======== Material for this exercise ========

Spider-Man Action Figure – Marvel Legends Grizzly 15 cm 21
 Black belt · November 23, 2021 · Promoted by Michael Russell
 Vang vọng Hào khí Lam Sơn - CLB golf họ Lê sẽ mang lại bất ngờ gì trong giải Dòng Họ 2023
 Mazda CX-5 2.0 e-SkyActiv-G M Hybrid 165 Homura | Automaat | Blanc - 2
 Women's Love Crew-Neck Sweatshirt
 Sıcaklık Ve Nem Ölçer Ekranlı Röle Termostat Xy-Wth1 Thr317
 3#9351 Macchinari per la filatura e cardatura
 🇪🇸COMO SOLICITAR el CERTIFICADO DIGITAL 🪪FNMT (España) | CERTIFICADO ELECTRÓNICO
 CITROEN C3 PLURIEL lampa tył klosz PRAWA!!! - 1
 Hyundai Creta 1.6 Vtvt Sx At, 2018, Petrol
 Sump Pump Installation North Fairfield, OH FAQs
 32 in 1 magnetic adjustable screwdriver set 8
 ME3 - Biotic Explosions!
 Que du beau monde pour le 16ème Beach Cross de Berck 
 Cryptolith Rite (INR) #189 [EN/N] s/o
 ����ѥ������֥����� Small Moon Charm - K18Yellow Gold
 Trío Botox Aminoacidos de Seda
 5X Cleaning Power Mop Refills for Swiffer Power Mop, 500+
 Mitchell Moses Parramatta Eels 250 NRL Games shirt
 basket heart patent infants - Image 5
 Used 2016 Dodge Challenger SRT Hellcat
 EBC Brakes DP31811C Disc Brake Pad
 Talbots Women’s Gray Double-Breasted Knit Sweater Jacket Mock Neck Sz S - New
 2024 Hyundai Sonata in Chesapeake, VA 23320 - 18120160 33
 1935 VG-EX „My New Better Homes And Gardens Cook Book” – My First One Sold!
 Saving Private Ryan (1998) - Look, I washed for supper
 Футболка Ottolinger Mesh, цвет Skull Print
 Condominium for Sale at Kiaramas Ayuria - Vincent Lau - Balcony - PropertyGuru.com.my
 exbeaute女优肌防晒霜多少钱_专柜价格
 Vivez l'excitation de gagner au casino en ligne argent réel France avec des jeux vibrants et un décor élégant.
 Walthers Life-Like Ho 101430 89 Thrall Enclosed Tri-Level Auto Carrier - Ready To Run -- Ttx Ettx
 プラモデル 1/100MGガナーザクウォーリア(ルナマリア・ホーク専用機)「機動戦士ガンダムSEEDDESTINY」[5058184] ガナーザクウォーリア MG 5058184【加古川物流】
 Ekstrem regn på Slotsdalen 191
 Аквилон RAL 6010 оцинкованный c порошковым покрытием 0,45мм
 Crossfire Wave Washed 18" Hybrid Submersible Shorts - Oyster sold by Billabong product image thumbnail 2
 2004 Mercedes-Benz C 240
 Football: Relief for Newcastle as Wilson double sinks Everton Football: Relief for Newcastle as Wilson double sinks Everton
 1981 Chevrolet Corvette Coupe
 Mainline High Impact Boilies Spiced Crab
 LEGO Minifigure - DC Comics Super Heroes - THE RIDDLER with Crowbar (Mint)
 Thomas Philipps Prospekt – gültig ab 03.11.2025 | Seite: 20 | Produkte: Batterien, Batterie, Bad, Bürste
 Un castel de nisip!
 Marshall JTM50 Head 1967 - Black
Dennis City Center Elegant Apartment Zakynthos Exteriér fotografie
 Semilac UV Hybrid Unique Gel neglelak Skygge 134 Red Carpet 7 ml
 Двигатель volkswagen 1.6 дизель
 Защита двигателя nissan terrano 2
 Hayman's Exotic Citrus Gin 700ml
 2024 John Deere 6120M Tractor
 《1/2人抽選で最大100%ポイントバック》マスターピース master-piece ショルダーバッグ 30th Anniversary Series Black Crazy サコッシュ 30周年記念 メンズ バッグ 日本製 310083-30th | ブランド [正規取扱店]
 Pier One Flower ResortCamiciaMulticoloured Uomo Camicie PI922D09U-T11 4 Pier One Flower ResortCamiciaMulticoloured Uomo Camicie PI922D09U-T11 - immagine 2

========

Requirement –
Where a line contains "2024 John Deere 6120M Tractor", begin there and output each line through the end of the data above, exactly; give no other lines.

Output below –
 2024 John Deere 6120M Tractor
 《1/2人抽選で最大100%ポイントバック》マスターピース master-piece ショルダーバッグ 30th Anniversary Series Black Crazy サコッシュ 30周年記念 メンズ バッグ 日本製 310083-30th | ブランド [正規取扱店]
 Pier One Flower ResortCamiciaMulticoloured Uomo Camicie PI922D09U-T11 4 Pier One Flower ResortCamiciaMulticoloured Uomo Camicie PI922D09U-T11 - immagine 2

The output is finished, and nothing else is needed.